Her first novel, Weathered Bones, was published last year, and this year the Burns fellowship has given her the time, money and headspace to be able to write for a whole year without other pressures.

"The really important thing is the recognition that yes, you are a writer. It's very important for someone like me so early on in my writing career to be recognised like that. It means I can take myself much more seriously and I can push myself along further perhaps than I might have allowed myself."

This year she has been working on her second adult novel, a children's novel and several short stories, as well as being involved with the "FaBo project" in which a group of nine writers write chapters turn about.

"You relinquish a lot of control and we've been publishing it chapter by chapter on the internet and kids have been writing their versions of the next chapter and winning prizes and stuff. It's great fun," she says.

The project is on www.fabostory.blogspot.com.

So far, her novels have grown from a single character that has demanded attention, got into her head and wouldn't let go.

Weathered Bones originated from a search for a venue for a site-specific dance work and she came across the story of Mary Jane Bennett, New Zealand's first and only woman lighthouse keeper, who ran the Pencarrow lighthouse after her husband died in a boating accident.

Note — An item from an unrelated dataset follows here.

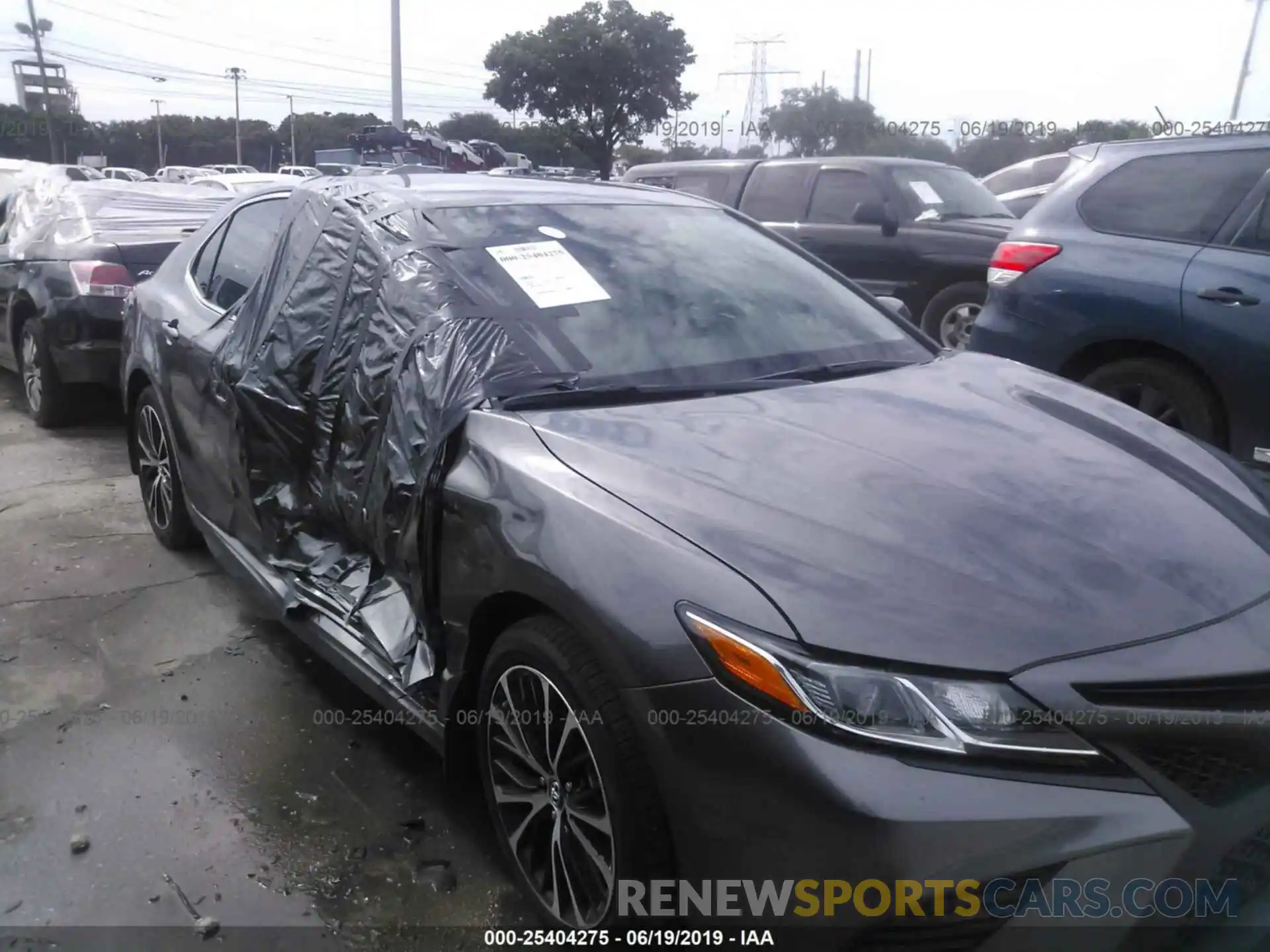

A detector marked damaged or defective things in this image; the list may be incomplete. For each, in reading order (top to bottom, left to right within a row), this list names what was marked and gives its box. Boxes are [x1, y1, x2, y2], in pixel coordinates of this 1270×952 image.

damaged gray sedan [124, 173, 1270, 947]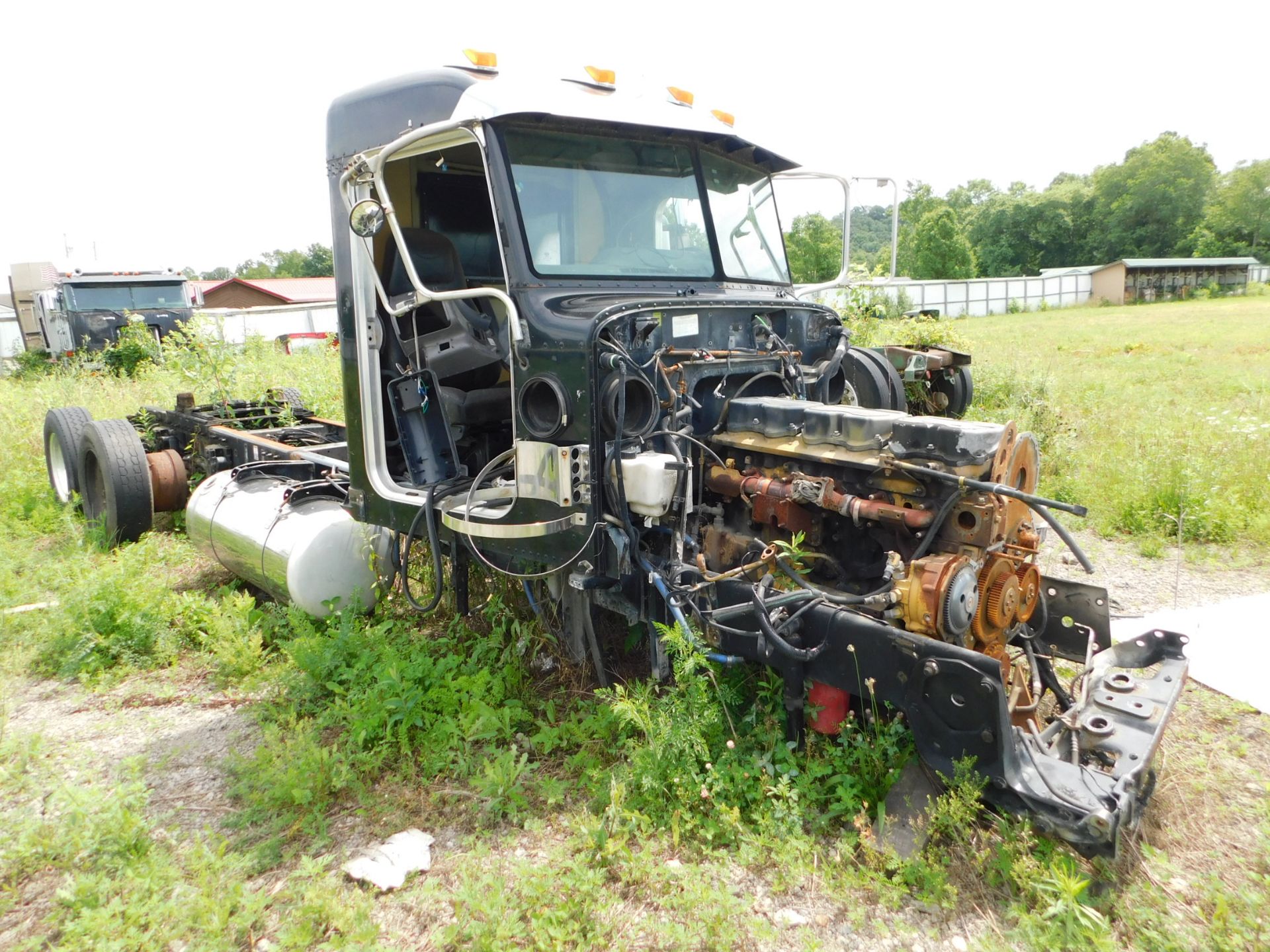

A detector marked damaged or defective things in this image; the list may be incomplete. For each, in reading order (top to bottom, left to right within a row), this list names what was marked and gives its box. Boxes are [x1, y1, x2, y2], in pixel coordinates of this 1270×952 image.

"It was just a paragraph but it kind of got stuck in my head and went around and around and demanded to become a book. I thought it was going to be a movie or something. I got a chance to make a little dance work first based on that and the other two characters kind of walked in and it turned itself into a book as I was writing it."

The novel she has been working on this year is based on an Englishman who has emigrated to New Zealand.

"He's a musician so it deals with issues of music and also Huntington's disease, but it's actually about family and hope. There's a very strong theme of performance in that book, both with the music and the way that the character tries to rationalise and deal with what is or might be happening to him," she says.

Her children's book, aimed at 10-13-year-olds, is about black holes.

"I'd written a very short radio play in the UK for kids about a man who made worlds and I had always wanted to write a novel on a similar line, and that sparked a thought about where does stuff come from and what would happen if it all went slightly wrong."

Powles is now based in Auckland, where her husband works in the super-yacht trade, though she spent most of the year in Dunedin, returning home from time to time.

She enjoyed meeting and getting to know the other university fellows and has already started planning a collaboration, putting words and dance together with Suzanne Cowan, the Caroline Plummer dance fellow, with whom she worked in Touch Compass dance company.

Her other published book is the story of that integrated, mixed-ability dance company.

"My hope is to keep writing and I guess the reason I do is because I sort of get a bit antsy if I haven't written for a while, so it's something I now feel I need to do rather than want to do," she said.

"I remember Emily Perkins saying that to be a writer you just have to want to do it more than anything else because it's not about money. If you thought about it too much, you wouldn't do it. You have to really want to do it."